The reason why the cognitive psychologist juxtaposes the kind with a computer is as they say that the mind is like the CPU of a computer, wherein you have an input and then the computer comprehends the input and then provides an output, it codifies everything, and you get a final output. The mind, similarly, has the input from the external environment and it comprehends it and processes it as a computer does and gives a final output.
VII. The Evolutionary Perspective
Explain this way of thinking about human psychology.
Evolutionary psychology is an approach to psychology that is theoretical in nature’s, where there would be an attempt in explaining the psychological traits of humans, which is perception, memory, or adaptations of language, that help in natural selection. This approach helps in identification of the functional form of the biological mechanism. It explains the role of evolution in shaping the behavior of humans.
This perspective is based on Darwin’s theory of evolution: Natural Selection. Explain natural selection by giving an example of an adaptive trait – one that promotes the ability of a species to adapt to its environment, survive and reproduce
The ability referred to as adaptive tracking. Because of this perspective, as the person would be changing their habitat, there would be movement from one area to another. There would be genetic changes that would take place in an individual, such that they could be adjusting to the newer environment.
Inclusive fitness – explain this concept, and how it is used by evolutionary psychologists to explain human behavior
This could be defined as an individual’s ability to be passing on their genes from one generation to another considering the genes that have been passed by the close relatives of the organism.

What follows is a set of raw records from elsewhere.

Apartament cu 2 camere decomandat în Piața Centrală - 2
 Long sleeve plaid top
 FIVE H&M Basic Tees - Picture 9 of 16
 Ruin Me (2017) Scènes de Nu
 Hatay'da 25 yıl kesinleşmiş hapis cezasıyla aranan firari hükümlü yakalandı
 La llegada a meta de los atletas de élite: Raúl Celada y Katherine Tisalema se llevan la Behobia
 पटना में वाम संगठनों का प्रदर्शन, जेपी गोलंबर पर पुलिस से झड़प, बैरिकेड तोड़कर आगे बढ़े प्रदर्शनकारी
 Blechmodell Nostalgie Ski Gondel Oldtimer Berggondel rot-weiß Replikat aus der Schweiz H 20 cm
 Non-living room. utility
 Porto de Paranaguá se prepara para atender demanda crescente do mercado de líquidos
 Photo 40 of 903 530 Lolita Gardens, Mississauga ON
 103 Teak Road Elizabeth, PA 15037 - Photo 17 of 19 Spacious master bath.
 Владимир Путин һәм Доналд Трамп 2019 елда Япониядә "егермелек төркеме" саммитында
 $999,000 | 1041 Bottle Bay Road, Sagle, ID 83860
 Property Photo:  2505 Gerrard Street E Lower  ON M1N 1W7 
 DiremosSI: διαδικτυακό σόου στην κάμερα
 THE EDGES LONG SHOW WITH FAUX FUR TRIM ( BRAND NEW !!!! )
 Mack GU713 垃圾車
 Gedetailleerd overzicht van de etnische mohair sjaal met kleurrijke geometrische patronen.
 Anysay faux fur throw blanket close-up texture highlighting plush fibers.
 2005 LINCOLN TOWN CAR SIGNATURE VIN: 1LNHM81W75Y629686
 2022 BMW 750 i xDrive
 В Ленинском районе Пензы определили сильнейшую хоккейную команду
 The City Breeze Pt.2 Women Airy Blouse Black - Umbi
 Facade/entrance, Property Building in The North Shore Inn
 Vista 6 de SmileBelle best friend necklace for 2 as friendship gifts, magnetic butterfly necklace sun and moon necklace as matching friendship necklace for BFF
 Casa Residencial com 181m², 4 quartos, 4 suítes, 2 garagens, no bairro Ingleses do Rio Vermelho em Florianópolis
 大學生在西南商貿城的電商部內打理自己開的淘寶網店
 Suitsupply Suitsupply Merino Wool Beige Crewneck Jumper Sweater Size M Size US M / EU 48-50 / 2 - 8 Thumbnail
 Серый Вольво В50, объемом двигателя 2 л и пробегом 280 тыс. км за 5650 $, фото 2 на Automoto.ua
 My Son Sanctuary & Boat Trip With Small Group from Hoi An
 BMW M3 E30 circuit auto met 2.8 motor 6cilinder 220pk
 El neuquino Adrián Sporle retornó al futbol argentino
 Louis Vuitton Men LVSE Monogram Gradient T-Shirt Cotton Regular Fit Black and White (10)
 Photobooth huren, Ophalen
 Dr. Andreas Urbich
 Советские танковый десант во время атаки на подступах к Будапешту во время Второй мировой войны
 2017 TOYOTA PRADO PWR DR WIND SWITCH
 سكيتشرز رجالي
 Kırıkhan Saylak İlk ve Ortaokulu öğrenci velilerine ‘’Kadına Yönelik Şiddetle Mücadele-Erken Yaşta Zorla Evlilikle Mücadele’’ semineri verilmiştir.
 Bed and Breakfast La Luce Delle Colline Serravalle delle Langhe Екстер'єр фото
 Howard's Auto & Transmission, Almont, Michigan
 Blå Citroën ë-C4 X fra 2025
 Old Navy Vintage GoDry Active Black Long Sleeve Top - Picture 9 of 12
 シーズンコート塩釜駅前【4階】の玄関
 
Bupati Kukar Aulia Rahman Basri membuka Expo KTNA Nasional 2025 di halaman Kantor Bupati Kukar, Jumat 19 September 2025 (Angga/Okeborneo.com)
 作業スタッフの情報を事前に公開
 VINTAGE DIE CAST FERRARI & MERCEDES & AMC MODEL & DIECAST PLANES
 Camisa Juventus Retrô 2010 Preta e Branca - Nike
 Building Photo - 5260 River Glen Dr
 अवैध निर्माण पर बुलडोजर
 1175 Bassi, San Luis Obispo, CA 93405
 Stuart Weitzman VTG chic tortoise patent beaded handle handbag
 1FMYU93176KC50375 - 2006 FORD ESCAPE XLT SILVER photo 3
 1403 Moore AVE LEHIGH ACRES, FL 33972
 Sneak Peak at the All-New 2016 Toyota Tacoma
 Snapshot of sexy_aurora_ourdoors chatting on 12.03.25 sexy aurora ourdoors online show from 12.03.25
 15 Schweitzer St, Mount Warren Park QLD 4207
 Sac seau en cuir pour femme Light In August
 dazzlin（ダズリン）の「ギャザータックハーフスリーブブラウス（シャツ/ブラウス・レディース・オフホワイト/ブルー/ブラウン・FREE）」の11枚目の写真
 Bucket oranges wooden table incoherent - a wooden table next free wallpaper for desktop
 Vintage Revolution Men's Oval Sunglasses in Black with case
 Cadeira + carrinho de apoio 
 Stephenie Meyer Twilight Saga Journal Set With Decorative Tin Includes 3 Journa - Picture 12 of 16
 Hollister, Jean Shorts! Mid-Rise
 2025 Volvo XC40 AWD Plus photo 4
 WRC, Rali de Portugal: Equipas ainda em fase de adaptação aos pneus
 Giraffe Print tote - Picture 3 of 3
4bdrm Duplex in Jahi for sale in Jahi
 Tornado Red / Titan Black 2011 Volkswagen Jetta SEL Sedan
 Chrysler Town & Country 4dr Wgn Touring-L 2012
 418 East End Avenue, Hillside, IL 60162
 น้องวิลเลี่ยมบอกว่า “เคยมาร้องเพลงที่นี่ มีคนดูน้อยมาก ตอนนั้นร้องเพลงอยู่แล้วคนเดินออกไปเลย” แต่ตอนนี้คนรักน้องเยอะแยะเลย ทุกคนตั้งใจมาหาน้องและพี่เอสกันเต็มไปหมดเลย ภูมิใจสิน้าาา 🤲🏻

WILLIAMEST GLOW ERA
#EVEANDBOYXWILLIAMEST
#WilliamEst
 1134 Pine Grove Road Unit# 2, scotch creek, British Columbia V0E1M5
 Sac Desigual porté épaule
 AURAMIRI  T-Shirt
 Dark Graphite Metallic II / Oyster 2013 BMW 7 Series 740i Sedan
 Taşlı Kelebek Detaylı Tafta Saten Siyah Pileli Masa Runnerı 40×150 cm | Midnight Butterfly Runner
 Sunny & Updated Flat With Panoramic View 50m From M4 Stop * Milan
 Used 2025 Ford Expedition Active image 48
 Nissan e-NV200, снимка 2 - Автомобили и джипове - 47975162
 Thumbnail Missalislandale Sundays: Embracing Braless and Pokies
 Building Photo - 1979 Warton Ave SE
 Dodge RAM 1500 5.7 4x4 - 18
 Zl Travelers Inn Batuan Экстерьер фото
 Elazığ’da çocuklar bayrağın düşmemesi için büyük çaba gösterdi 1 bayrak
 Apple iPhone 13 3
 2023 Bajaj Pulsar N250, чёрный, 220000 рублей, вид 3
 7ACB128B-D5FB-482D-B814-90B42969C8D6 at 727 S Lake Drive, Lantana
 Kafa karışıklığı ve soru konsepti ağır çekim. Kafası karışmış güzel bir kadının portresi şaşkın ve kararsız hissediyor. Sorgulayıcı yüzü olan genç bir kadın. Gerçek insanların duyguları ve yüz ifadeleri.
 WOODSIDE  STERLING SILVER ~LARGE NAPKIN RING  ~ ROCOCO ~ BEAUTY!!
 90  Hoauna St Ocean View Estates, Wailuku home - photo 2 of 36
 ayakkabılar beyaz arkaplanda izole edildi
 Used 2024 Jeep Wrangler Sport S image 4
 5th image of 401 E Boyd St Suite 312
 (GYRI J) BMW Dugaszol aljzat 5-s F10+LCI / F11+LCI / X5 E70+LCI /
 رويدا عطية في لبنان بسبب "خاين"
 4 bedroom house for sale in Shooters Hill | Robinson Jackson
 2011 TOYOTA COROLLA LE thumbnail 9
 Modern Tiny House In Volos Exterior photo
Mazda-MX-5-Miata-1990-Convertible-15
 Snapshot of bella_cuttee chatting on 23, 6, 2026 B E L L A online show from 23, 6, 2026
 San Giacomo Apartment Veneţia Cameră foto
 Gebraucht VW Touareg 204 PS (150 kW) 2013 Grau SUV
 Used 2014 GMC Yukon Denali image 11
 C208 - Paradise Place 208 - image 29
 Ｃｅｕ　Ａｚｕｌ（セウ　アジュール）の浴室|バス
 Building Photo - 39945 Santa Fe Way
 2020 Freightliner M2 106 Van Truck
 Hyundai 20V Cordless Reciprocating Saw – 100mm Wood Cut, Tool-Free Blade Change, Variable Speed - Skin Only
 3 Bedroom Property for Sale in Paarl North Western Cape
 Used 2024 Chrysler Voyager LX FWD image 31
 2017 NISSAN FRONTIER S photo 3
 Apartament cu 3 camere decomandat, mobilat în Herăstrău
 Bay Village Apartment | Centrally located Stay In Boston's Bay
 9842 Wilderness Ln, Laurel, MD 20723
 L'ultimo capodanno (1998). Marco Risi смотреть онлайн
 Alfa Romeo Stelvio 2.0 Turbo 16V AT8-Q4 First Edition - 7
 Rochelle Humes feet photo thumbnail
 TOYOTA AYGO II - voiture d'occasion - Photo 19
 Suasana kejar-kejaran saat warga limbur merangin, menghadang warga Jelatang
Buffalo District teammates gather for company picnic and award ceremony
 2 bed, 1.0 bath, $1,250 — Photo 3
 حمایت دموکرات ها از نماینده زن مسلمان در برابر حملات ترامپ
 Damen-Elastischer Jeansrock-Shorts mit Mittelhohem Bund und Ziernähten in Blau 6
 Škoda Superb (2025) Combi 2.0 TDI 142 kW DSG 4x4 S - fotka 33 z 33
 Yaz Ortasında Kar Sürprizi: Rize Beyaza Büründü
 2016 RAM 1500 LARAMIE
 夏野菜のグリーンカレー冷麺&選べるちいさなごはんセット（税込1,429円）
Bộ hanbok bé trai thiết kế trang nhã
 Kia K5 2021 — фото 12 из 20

VIII. “Commentary: Making Sense of Perspectives”
Describe the contributions of each of the perspectives:
We have theoretical perspectives in psychology, because in many cases advocates of one perspective understand less than other perspectives. Those other perspectives can contribute in special ways to understand the phenomena, based on the object being investigated. The purpose of these perspectives is to understand the behaviorist, cognitive, evolutionary and psychodynamic perspectives.